A paradigm shift is underway in Poland. Traditionally one of the European Union’s heaviest polluters and lowest recyclers, Poland now has the second-highest increase in recycling rates among EU countries over the last decade— new data shows. This is down in part to the work of Pawel Jarski, CEO and Founder of Elemental Holding, and his team. The company’s work is repositioning Poland at the forefront of Europe’s circular economy, a sector that puts eliminating pollution as one of its foundation principles.

Elemental’s hub of operations lies 40km southwest of Poland’s capital Warsaw. The site is one of energy and contrast. A modern office of floor-to-ceiling glass sits adjacent to a bustling urban mining operation processing electronic waste. A hum of workers busily sort through metal, plastic and cables from massive bags. An assembly line dismantles aging refrigerators, methodically stripping away layers to reveal valuable raw materials. Amidst the ordered chaos, trucks unload circuit boards, adding to the growing heaps.

It is this well-coordinated mix of hands-on labor and mechanical processing that has powered Elemental’s growth. Founded in Poland in 2010, the company expand into an urban mining and recycling trailblazer with a footprint extending across 15 nations, spanning three continents: Europe, Asia, and North America. They are at the forefront of a new industry dedicated to extracting value from the metal components in disposed electronics and other waste – urban mining.
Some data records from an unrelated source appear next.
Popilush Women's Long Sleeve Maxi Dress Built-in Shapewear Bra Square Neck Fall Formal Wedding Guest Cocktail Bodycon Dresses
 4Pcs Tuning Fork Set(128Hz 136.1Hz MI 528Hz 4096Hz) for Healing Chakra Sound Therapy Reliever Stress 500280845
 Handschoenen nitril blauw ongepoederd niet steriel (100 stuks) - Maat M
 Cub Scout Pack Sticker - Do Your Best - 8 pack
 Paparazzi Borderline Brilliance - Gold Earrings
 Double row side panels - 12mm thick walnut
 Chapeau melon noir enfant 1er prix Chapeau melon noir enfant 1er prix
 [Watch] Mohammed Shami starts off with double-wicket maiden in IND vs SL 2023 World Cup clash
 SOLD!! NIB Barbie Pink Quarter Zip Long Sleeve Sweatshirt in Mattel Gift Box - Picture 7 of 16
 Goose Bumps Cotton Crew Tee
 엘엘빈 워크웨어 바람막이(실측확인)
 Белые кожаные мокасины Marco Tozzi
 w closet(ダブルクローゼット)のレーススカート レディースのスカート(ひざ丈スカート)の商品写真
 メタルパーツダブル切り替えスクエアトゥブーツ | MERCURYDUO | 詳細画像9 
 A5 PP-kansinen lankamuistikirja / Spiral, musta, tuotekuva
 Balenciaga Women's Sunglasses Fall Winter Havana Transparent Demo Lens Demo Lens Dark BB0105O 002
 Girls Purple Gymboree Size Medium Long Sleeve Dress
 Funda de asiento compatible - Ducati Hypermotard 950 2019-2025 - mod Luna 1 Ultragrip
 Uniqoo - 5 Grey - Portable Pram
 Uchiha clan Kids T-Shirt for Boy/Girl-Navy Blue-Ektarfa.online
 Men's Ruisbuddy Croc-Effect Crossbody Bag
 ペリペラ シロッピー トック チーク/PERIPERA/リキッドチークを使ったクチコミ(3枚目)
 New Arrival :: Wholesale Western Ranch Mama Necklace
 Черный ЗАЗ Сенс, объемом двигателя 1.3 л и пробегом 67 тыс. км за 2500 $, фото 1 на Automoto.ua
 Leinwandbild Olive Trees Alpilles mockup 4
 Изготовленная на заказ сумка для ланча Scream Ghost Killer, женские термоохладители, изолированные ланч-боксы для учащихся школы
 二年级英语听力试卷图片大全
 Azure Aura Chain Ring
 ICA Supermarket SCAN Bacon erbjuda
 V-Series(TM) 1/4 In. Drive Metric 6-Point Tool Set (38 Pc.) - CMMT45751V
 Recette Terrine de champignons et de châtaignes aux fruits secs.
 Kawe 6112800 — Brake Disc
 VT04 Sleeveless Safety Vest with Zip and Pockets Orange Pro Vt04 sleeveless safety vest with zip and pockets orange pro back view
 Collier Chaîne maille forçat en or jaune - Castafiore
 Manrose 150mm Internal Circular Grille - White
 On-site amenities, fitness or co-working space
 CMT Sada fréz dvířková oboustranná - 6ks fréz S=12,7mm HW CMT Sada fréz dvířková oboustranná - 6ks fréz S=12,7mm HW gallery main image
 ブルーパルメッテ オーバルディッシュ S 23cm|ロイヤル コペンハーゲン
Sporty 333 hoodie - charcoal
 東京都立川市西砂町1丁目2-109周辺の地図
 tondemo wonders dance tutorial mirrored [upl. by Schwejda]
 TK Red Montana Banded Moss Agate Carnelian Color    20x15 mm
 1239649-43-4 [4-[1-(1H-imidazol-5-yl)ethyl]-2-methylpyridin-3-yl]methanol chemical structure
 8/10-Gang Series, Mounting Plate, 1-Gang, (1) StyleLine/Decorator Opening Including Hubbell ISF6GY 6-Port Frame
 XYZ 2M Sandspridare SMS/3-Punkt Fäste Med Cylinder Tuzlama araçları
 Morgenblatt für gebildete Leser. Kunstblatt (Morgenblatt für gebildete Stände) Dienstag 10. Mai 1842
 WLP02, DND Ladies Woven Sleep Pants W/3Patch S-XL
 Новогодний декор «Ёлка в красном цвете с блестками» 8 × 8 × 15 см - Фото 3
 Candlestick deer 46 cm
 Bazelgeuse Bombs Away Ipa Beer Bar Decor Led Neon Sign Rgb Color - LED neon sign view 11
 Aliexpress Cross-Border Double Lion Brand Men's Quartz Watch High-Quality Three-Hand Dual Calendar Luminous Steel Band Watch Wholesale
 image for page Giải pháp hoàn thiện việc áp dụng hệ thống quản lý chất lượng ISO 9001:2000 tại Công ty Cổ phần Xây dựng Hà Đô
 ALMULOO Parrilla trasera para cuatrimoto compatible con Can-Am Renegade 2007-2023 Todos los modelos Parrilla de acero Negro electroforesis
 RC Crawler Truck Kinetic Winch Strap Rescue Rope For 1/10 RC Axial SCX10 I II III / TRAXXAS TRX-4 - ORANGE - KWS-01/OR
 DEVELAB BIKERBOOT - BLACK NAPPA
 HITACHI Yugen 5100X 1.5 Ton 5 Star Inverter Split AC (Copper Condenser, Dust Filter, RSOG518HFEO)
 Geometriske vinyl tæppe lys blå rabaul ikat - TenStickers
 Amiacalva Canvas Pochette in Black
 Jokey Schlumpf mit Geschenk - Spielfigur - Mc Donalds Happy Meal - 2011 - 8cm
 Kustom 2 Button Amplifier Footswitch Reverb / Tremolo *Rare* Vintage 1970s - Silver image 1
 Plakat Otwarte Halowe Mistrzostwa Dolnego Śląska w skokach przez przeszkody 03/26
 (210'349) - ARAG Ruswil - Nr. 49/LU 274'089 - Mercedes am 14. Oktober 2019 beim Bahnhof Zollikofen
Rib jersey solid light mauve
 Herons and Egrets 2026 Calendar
IFC is investing $90 million to ramp up the firm’s ability to extract valuable materials from electronic waste while also expanding the firm’s scope to refine them for resale and reuse. At its most fundamental, urban mining seeks to harness electronic materials of untapped and overlooked value – the aluminum, cobalt, and gold in your old mobile phones for example – and transform them back into raw valuable resources. This can quickly add up. A new study in Switzerland puts an estimated $10 million worth of embedded gold in the country’s seven million unused phones. The US throws out $60 million in gold and silver contained in used phones every year based on e-waste disposal rates. While back in 2016, researchers at United Nations University were already estimating the raw materials contained in e-waste to be worth roughly $61 billion on a global scale.

The financial backing will pave the way for new metal recycling and refining facilities in Poland. Elemental is building one of its most innovative and ambitious projects – a facility to recycle spent lithium-ion batteries from electric vehicles and other products – in the city of Zawiercie in southern Poland, while also employing onsite solar generation and sustainable water management.

Transforming waste into valuable metals ripe for reuse is challenging. The process of recycling electronic scrap and lithium-ion batteries into valuable resources is still crude and does not always realize the potential recyclable amount. But Elemental’s track record and ambitious vision – environmentally sound and socially responsible mining that can catalyze long-term economic growth – goes beyond driving sustainable growth for one company. It illustrates a viable blueprint for how large businesses can integrate circular economy principles into their operations for the most impact. And it underpins the essence of circular waste management – where every waste stream is a valuable resource waiting to be harnessed.